You're probably doing a lot of slipping/ruddering if you're feeling that way. You need to think about initiating your turns by leaning on your front edge. So if you want a heel side turn you lean on your right heel and you want to lean far enough usually so your body is perpendicular to the slope. This can feel really weird at first and the acceleration can be a bit overwhelming.
A video would tell us more than anything though


----------



## speedjason (May 2, 2013)

it seems like some common noob error is they DO put pressure on the edge but the board is flat which means the board is not flexing to turn. you need to really lean into the turn and get the board up on the edge.


----------



## Khaze41 (Dec 26, 2013)

Okay, I'm going up again today I'll definately try getting on my edges more. It just seems so awkward turning that direction. I skateboard and can only spin backside 180s, frontside just feel super awkward. Maybe part of it is because I'm left handed AND mongo AND Goofy, haha. Thanks guys!


----------



## Mel M (Feb 2, 2012)

You say you have this problem on the steeper slopes. In addition to putting pressure on you're front edge you need to be more dynamic, which in turn will help you be more aggressive. Knee and ankle flexion need to be more prominent to keep a higher edge angle. Having your board perpendicular to the fall line doesn't matter, you can still hit your next turn smooth with good technique.


----------



## Khaze41 (Dec 26, 2013)

Wow, that helped a lot, I'm now linking turns like it's nothing on steep runs. Now another problem came up though. On a lot of the runs they havn't groomed them in a few days so there's some major chop. I can't for the life of me keep my speed up on this stuff, I end up getting air off of some of the little bumps and just eating it. Trying to go slower works but holy cow is it a workout, legs nearly collapsed at the end of the run. Thanks guys!


----------



## speedjason (May 2, 2013)

Khaze41 said:


> Wow, that helped a lot, I'm now linking turns like it's nothing on steep runs. Now another problem came up though. On a lot of the runs they havn't groomed them in a few days so there's some major chop. I can't for the life of me keep my speed up on this stuff, I end up getting air off of some of the little bumps and just eating it. Trying to go slower works but holy cow is it a workout, legs nearly collapsed at the end of the run. Thanks guys!

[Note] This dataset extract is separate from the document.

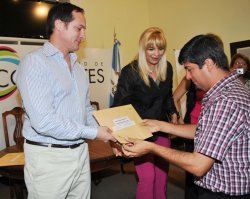 AFSCA entregó licencias de FM a municipios correntinos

be more flexible. bend your knees more to absorb the bumps.


----------



## jml22 (Apr 10, 2012)

How to Snowboard - Get Dynamic - YouTube
Bounce up and down


----------



## Mel M (Feb 2, 2012)

Khaze41 said:


> Wow, that helped a lot, I'm now linking turns like it's nothing on steep runs. Now another problem came up though. On a lot of the runs they havn't groomed them in a few days so there's some major chop. I can't for the life of me keep my speed up on this stuff, I end up getting air off of some of the little bumps and just eating it. Trying to go slower works but holy cow is it a workout, legs nearly collapsed at the end of the run. Thanks guys!


First of all, you're never going to go as fast on real choppy terrain as you would on a smooth groomed slope. Sounds like a no brainer, but I've seen plenty of friends eat shit trying and I've almost done the same. In saying that, you can definitely go down at a good speed. You need to stay relaxed in general and not stiffen up when the runs almost end up like moguls. You'll see this a lot on the end of the day on a really good powder dump. Second, like others mentioned you really need to start at a lower point, meaning you really need to flex your knees low. Know that I didn't say bend down. You want to bend your knees more, but still try and keep your upper body aligned properly with the board. Don't hunch over.


----------



## speedjason (May 2, 2013)

jml22 said:


> How to Snowboard - Get Dynamic - YouTube
> Bounce up and down


I hate practicing dynamic turns. very easy to catch an edge if you are not concentrating.


----------